E, a partir disso, preferirei construir todas as minhas convicções e tirarei conclusões práticas para a vida. Portanto, adota-se a máxima fundamental: "tudo pode ter uma explicação lógica refutável". Afirmando-se isso, a ideia da existência de deus tem que ser negada, inclusive como mero ente criador, pois disso advém uma consequência lógica terrível -- a possibilidade de censura.
O pentecostal mais afoito, que bate na porta de sua casa aos domingos, tem então toda a liberdade de te perguntar (na verdade, eu acho que deveria ser crime bater na casa dos outros domingo de manhã...): "se as coisas vieram de uma grande explosão, de onde veio a explosão?". A fé determina que esse cara seria deus, mas o cético pode responder com uma interpelação: "Se for deus, quem criou deus?". A resposta mais comum é a seguinte: "ele simplesmente surgiu e não cabe a mim questionar". Com isso, dá para notar qual que é a dinâmica óbvia da fé, qual seja, a aceitação de um conceito dito por alguém que está no ramo da charlatanice há mais tempo. E o que me faz provocar ainda mais a necessidade desse deus-atômico é o seguinte: se deus surgiu do nada, ou se não cabe a nós questionar sua origem, por que não podemos simplesmente acreditar que as coisas surgiram do nada e não há utilidade prática em questionar sua origem? Por que precisa-se criar um segundo ator nesse processo de criação, cuja existência somente troca a problemática de lugar? Por isso, é melhor escolher o caminho mais difícil, mas muito mais esclarecedor, que é não acreditar na intervenção divina sobre a natureza.
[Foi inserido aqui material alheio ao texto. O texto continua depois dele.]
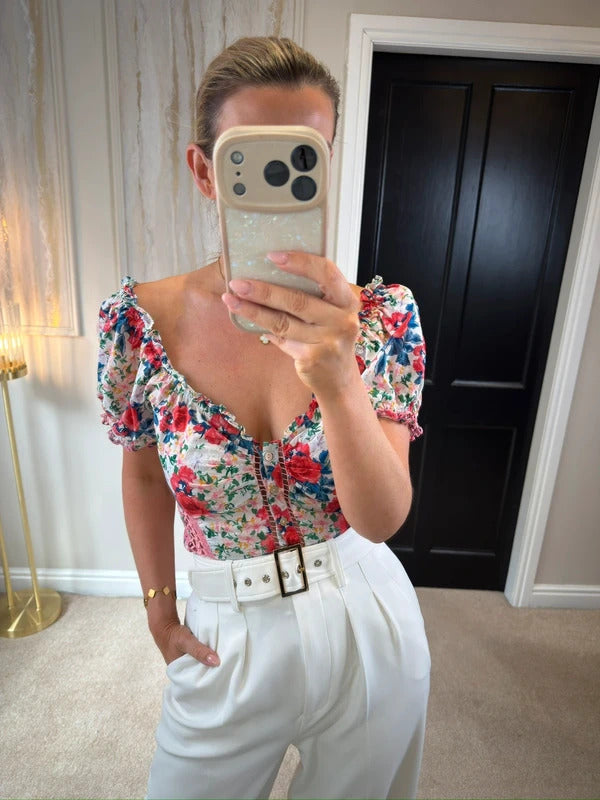 LoveShackFancy Bryant Rush of Red Silk Top 10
A próxima pergunta a se responder é: por qual motivo uma pessoa deve escolher a racionalidade em detrimento da fé? Em primeiro lugar, a fé traz segurança e conforto, além de desabonar o indivíduo das responsabilidades sobre os problemas do mundo e, em muitos casos, retirando de si o controle da própria vida e do mundo que o cerca, trazendo a noção de "destino", de vontade divina que sobrepuja suas próprias vontades. Trata-se, na verdade, de o ser humano optar por se considerar fora do sistema de funcionamento das coisas. Já a racionalidade (verdadeira, e não a mera replicação de valores) nos traz insegurança e inquietude, porém, ao se formar uma convicção, enche-nos de confiança e autoestima; faz-nos compreender que existe um sistema de responsabilidades do qual fazemos parte e que buscar descobrir quais são essas responsabilidades é um dos estágios para a autoaceitação. E nesse processo de descoberta, percebe-se que muito tem a ver com os valores que a pessoa adota para si, quer seja um produto do meio, quer seja por construção, mas sempre através da interpretação sobre o que se percebe das coisas.
A replicação é um mecanismo de falsa racionalidade. Trata-se da reprodução de um discurso, inventado por algum interlocutor geralmente com uma intenção bem definida, mas sem confrontar esse discurso com outros, procurando sempre evitar fontes que possam refutá-lo. É, portanto, um lobo em pele de cordeiro, uma fé disfarçada de racionalidade, que pode ser muito nociva para a sociedade -- o fascismo e qualquer outro tipo de fanatismo é o produto comum desse processo. As pessoas que carregam essa visão fechada de mundo, mesmo que sejam ateias, não são livres, não possuem autoconfiança, preferindo um discurso inflamado, apaixonado, do que um racional, pois têm medo de serem refutados. São mais miseráveis do que aqueles que simplesmente aceitam a fé e negam o racionalismo, pois vivem desse medo.